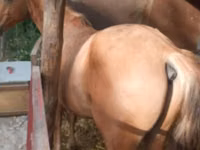 Horse (M), Russian Don — photo 4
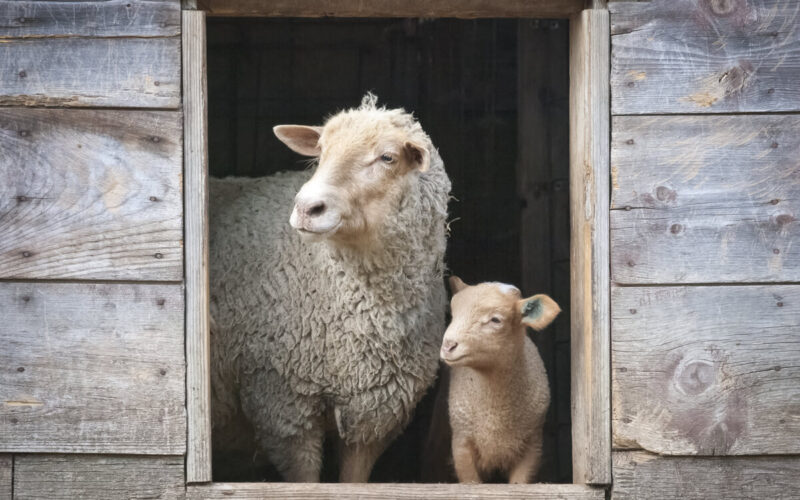 pecora come animale domestico - animali da compagnia|pecora come animale domestico - animali da compagnia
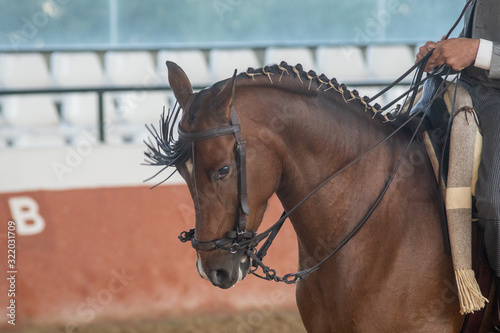 Fototapeta Naklejka Na Ścianę i Meble -  Retrato de la cabeza de un joven caballo hispano árabe castaño en Doma Vaquera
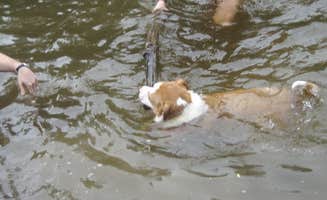 Daniel S.'s photo of camping with pets at Saco River Camping Area near Fryeburg, ME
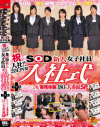祝入社 2013年度 SOD新人女子社員 入社式+はじめてのAV 業務体験に180分大赤面SP--のDVD画像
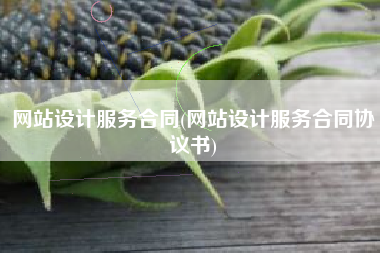 网站设计服务合同(网站设计服务合同协议书)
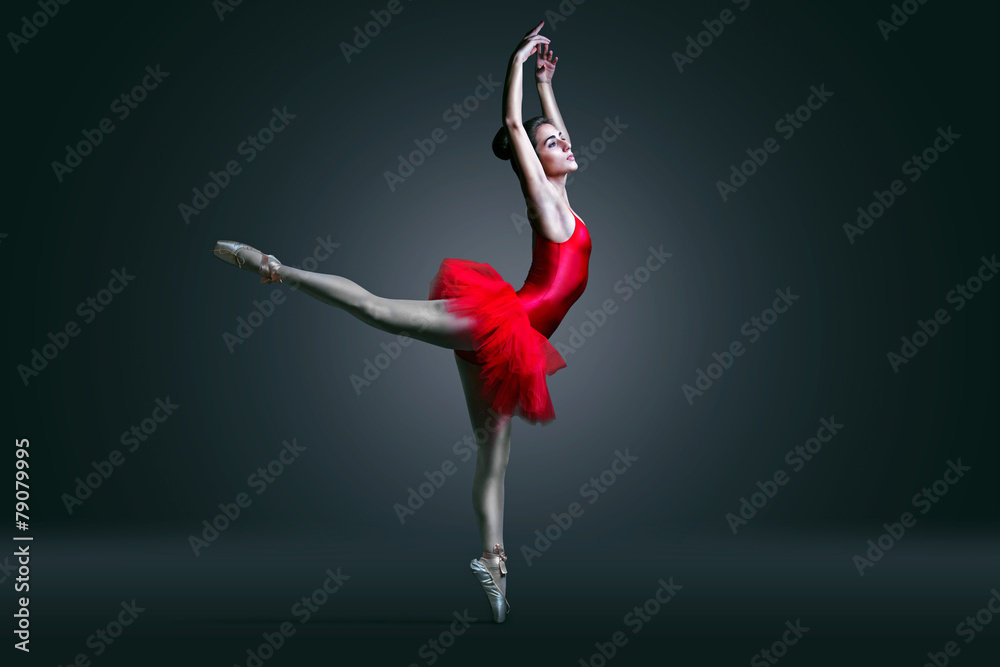 Ballet Dancer - obrazy, fototapety, plakaty 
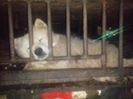 'What has transpired in China over the past 24 hours is outrageous and shameful - police standing by and doing absolutely nothing as they watch dog traders attack animal rescuers. 

Thank you to all the brave activists on the ground who are doing everything in their power to save these innocent animals. It is time that China end its barbaric dog meat trade immediately! We must keep up this fight and never give up until the dog meat trade is ended once and for all.  

And thank you to CAPP activists who took this photo of what has transpired to document these horrific abuses. In Congress, I remain committed to doing all that I can to stop these practices, and will again demand that House leadership bring my resolution H.Res.752 to the floor for a vote when Congress reconvenes in November.  

#StopYulinForever #Fightdogmeat @[19746387261:274:Humane Society International]'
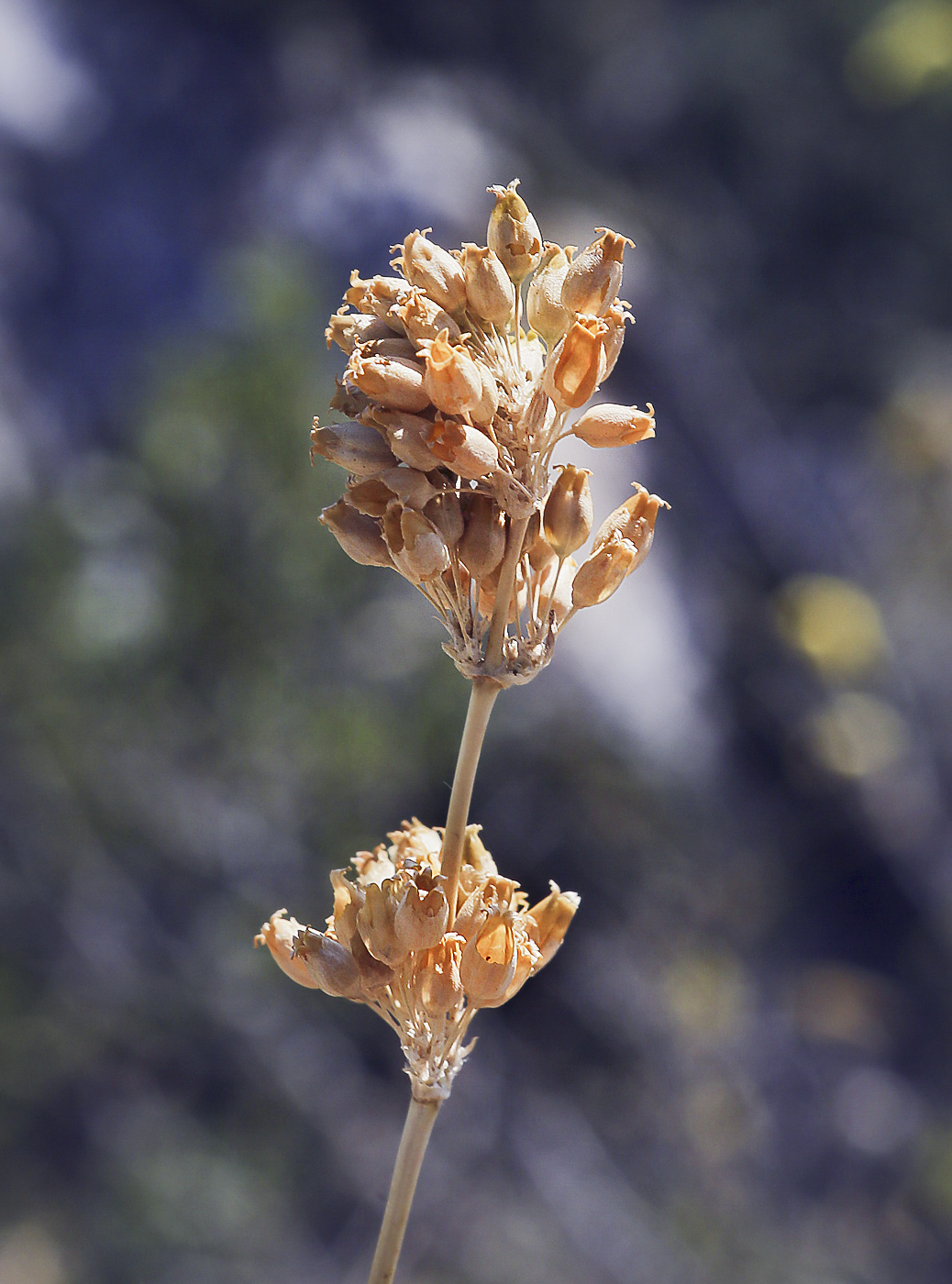 Image of Silene densiflora specimen.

EXERCISE BRIEF:
The expected output is every entry, retyped exactly, with all pictures removed.

RESPONSE AREA:
 Horse (M), Russian Don — photo 4
 pecora come animale domestico - animali da compagnia|pecora come animale domestico - animali da compagnia
 Fototapeta Naklejka Na Ścianę i Meble -  Retrato de la cabeza de un joven caballo hispano árabe castaño en Doma Vaquera
 Daniel S.'s photo of camping with pets at Saco River Camping Area near Fryeburg, ME
祝入社 2013年度 SOD新人女子社員 入社式+はじめてのAV 業務体験に180分大赤面SP--のDVD画像
 网站设计服务合同(网站设计服务合同协议书)
 Ballet Dancer - obrazy, fototapety, plakaty 
 'What has transpired in China over the past 24 hours is outrageous and shameful - police standing by and doing absolutely nothing as they watch dog traders attack animal rescuers. 

Thank you to all the brave activists on the ground who are doing everything in their power to save these innocent animals. It is time that China end its barbaric dog meat trade immediately! We must keep up this fight and never give up until the dog meat trade is ended once and for all.  

And thank you to CAPP activists who took this photo of what has transpired to document these horrific abuses. In Congress, I remain committed to doing all that I can to stop these practices, and will again demand that House leadership bring my resolution H.Res.752 to the floor for a vote when Congress reconvenes in November.  

#StopYulinForever #Fightdogmeat @[19746387261:274:Humane Society International]'
 Image of Silene densiflora specimen.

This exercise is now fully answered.